Your objective:
Pictures are to be left out; every line from the one with "Mengenal penyakit aneurisma" through the end of the data must be transcribed exactly.

Captioned web images:
▬▬▬
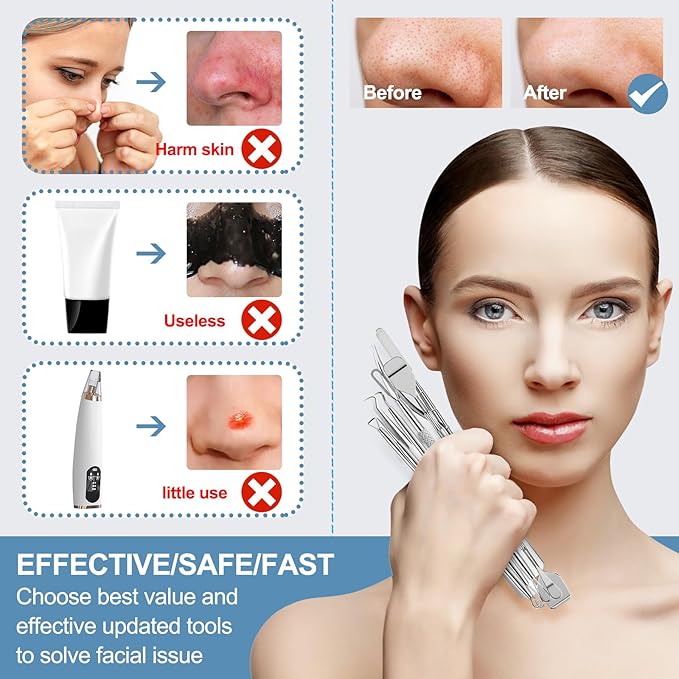 60PCS Dual Heads Blackhead Remover, Pimple Comedone Extractor, Acne Whitehead Blemish Removal Kit, Premium Stainless Steel Pimple Popper Tool kit, Risk Free for Face Skin, with Portable Box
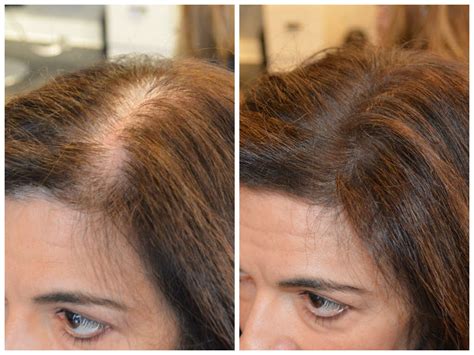 Hair Loss In Women What Every Woman Should Know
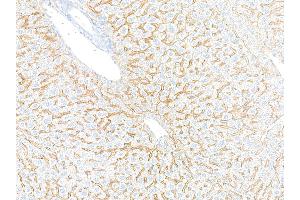 Immunohistochemistry (IHC) image for anti-Epidermal Growth Factor Receptor (EGFR) (C-Term) antibody (ABIN7795642) (Recombinant EGFR antibody  (C-Term))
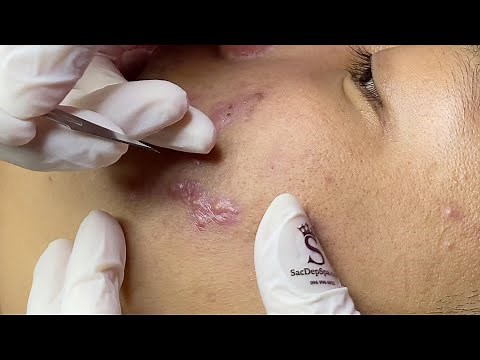 Inflamed Acne (Cystic Acne and Other Types) | Điều Trị Mụn Viêm - SacDepspa#247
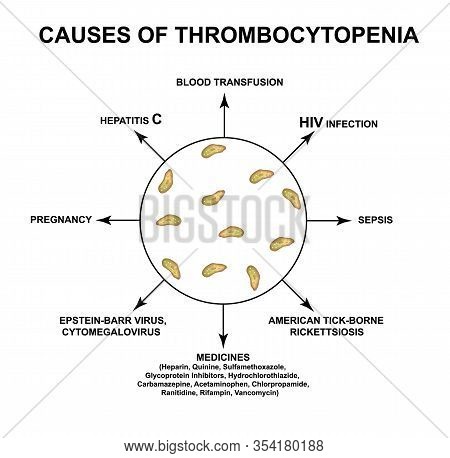 Causes Of Thrombocytopenia. Reducing Platelets In The Blood. Infographics. Illustration On Isolated 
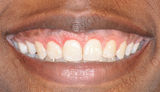 west frisco dentist - westfriscodental.com, West Frisco Dental And Implants, Frisco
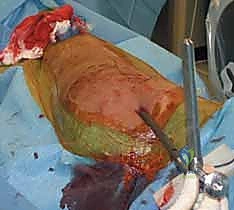 تحديد نقطة الإدخال التشريحية بدقة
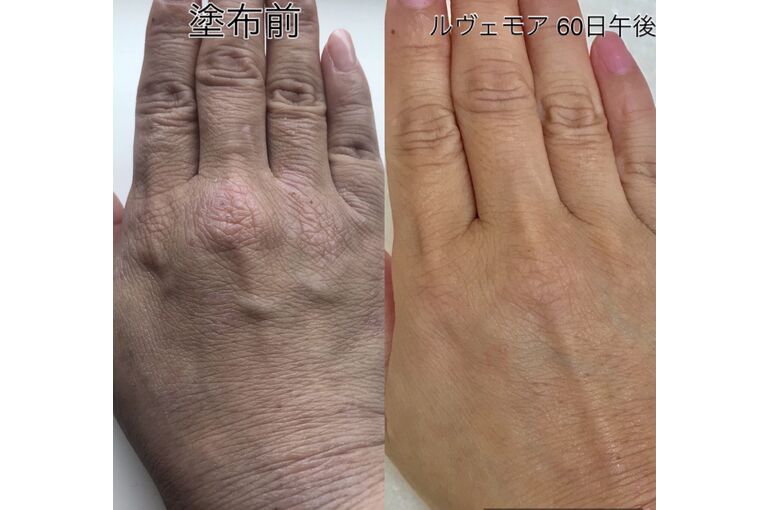 C510E035-F5EB-4981-B41D-199F82C1A1C1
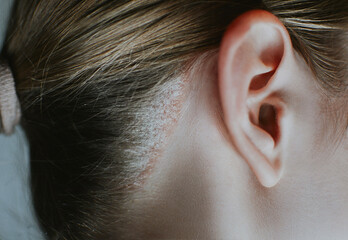 Psoriasis on a woman's head close-up with redness and peeling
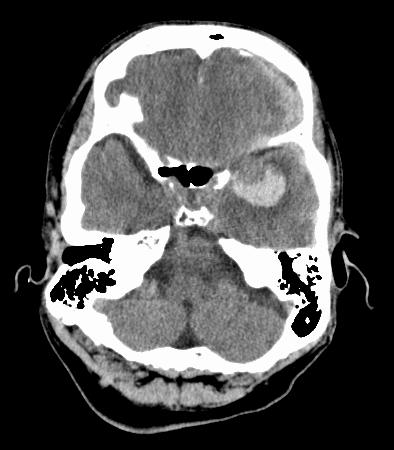 CT subarachnoid hemorrhage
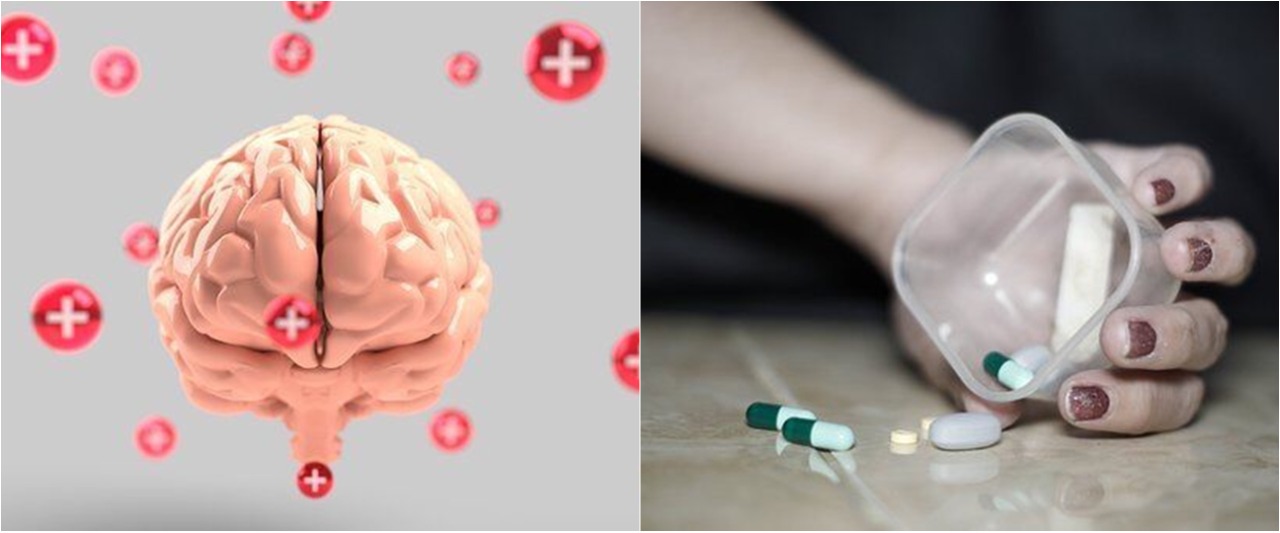 Mengenal penyakit aneurisma otak, gejala dan cara penyembuhannya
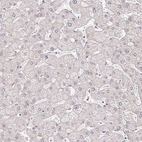 Immunohistochemical staining of human liver shows no positivity in hepatocytes as expected.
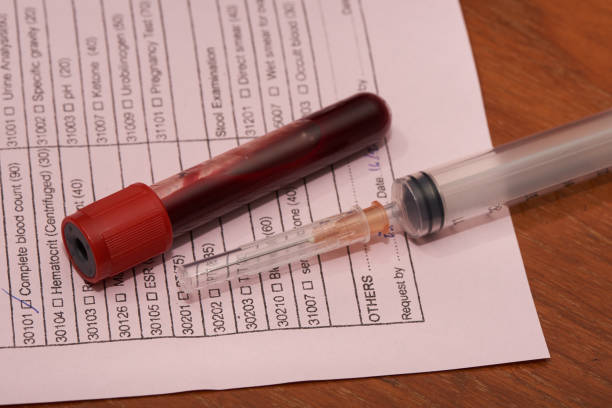 istock Syringe and blood sample in test tube 1302388848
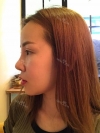 Jaw Reduction, Rhinoplasty and Breast Augmentation in Korea — Korea cost, reviews & before-after | MISOODA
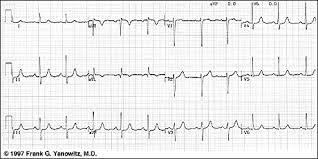 The ecg findings of a pathologic q. Ecg Learning Center Test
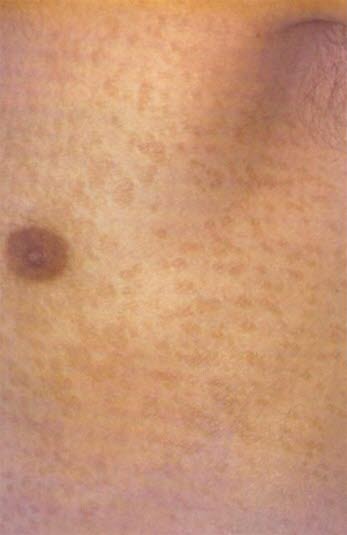 Bei Pityriasis versicolor haben die Patienten leicht pigmentierte, schuppende Hautveränderungen.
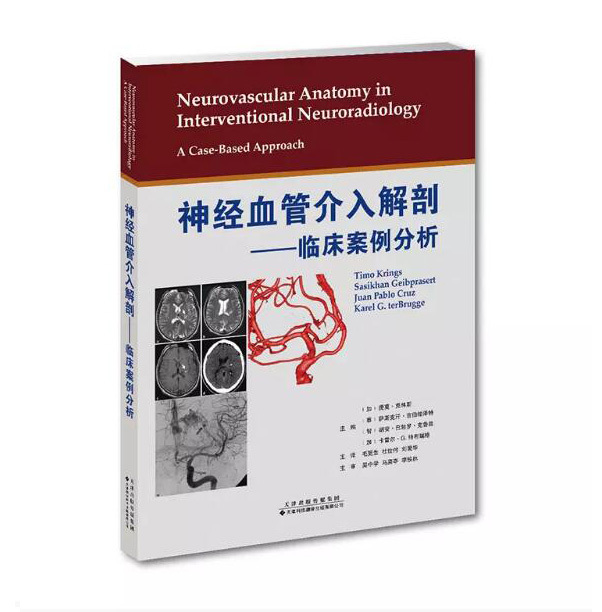 神經血管介入解剖—臨床案例分析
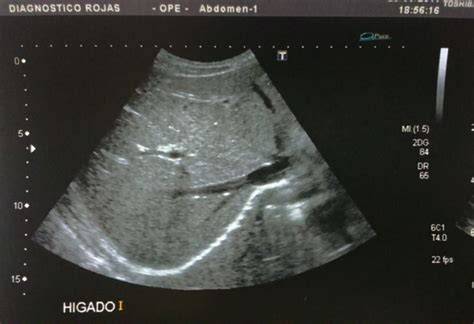 Ecografía abdominal mostrando una masa en el área ovárica de una perra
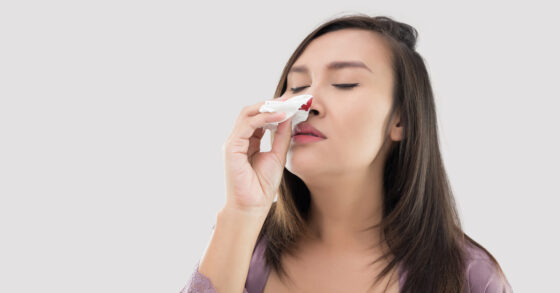 10 Penyebab Mimisan, Gejala dan Cara Mengatasinya!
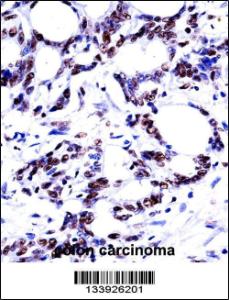HNRNPM Antibody immunohistochemistry analysis in formalin fixed and paraffin embedded human colon carcinoma followed by peroxidase conjugation of the secondary antibody and DAB staining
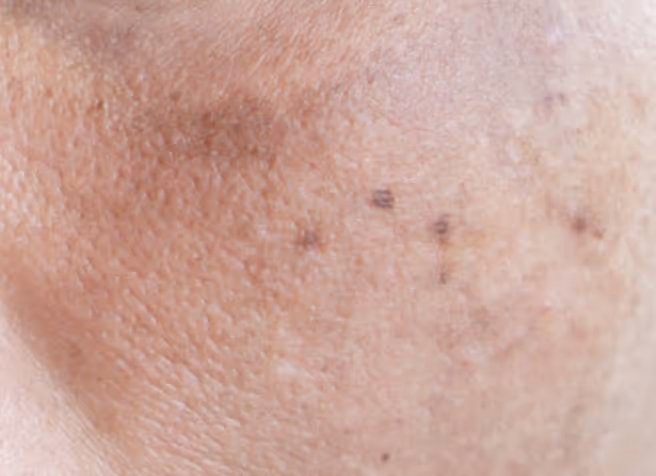Melasma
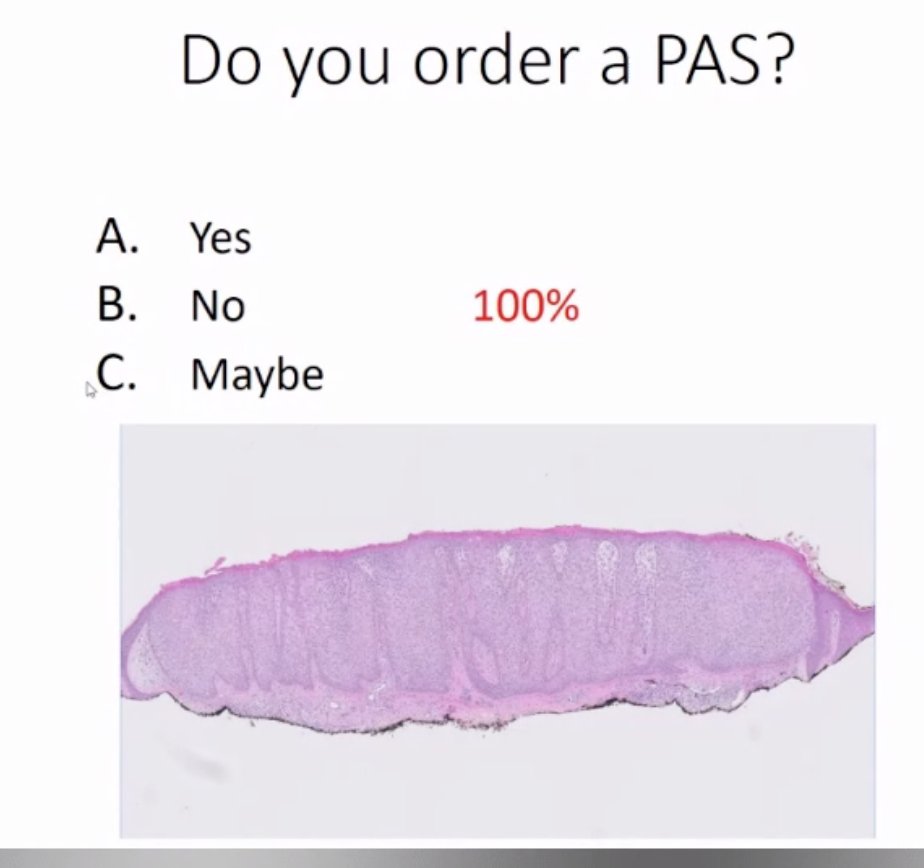 FungMaxwell's tweet image. APPROPRIATE USE: Would you order a PAS stain for this clear cell acanthoma? The #dermpath "Supreme Court" (for #ASDP20 Common Quandries Short Course) rendered their Opinion over the weekend: "NO" @ASDPTweets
▬▬▬
Exercise answer:
 Mengenal penyakit aneurisma otak, gejala dan cara penyembuhannya
 Immunohistochemical staining of human liver shows no positivity in hepatocytes as expected.
 istock Syringe and blood sample in test tube 1302388848
 Jaw Reduction, Rhinoplasty and Breast Augmentation in Korea — Korea cost, reviews & before-after | MISOODA
 The ecg findings of a pathologic q. Ecg Learning Center Test
 Bei Pityriasis versicolor haben die Patienten leicht pigmentierte, schuppende Hautveränderungen.
 神經血管介入解剖—臨床案例分析
 Ecografía abdominal mostrando una masa en el área ovárica de una perra
 10 Penyebab Mimisan, Gejala dan Cara Mengatasinya!
HNRNPM Antibody immunohistochemistry analysis in formalin fixed and paraffin embedded human colon carcinoma followed by peroxidase conjugation of the secondary antibody and DAB staining
Melasma
 FungMaxwell's tweet image. APPROPRIATE USE: Would you order a PAS stain for this clear cell acanthoma? The #dermpath "Supreme Court" (for #ASDP20 Common Quandries Short Course) rendered their Opinion over the weekend: "NO" @ASDPTweets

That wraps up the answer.